GroupBy

The GroupBy page is under construction.

A multithreaded approach

One of the most efficient ways to process tabular data is to parallelize its processing via the "split-apply-combine" approach. This operation is at the core of the Polars grouping implementation, allowing it to attain lightning-fast operations. Specifically, both the "split" and "apply" phases are executed in a multi-threaded fashion.

A simple grouping operation is taken below as an example to illustrate this approach:

For the hashing operations performed during the "split" phase, Polars uses a multithreaded lock-free approach that is illustrated on the following schema:

This parallelization allows the grouping and joining operations (for instance) to be blazingly fast!

Check out this blog post for more details.

Do not kill the parallelization!

The following is specific to Python, and doesn't apply to Rust.
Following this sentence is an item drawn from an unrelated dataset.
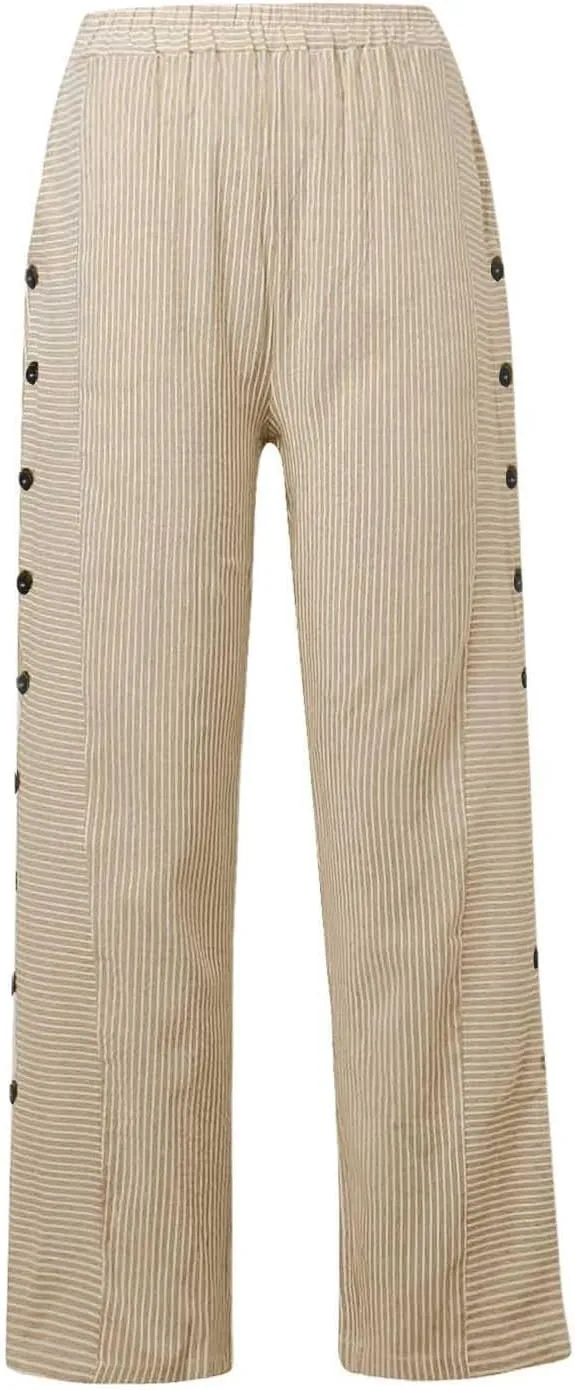 Women's Casual Pants Striped Side Button Elastic Waist Trendy Straight Leg Baggy Trousers with Pocket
Within Rust, blocks and closures (lambdas) can, and will, be executed concurrently.

We have all heard that Python is slow, and does "not scale." Besides the overhead of running "slow" bytecode, Python has to remain within the constraints of the Global Interpreter Lock (GIL). This means that if you were to use a lambda or a custom Python function to apply during a parallelized phase, Polars speed is capped running Python code preventing any multiple threads from executing the function.

This all feels terribly limiting, especially because we often need those lambda functions in a .groupby() step, for example. This approach is still supported by Polars, but keeping in mind bytecode and the GIL costs have to be paid.

To mitigate this, Polars implements a powerful syntax defined not only in its lazy API, but also in its eager API. Let's take a look at what that means.

We can start with the simple US congress dataset.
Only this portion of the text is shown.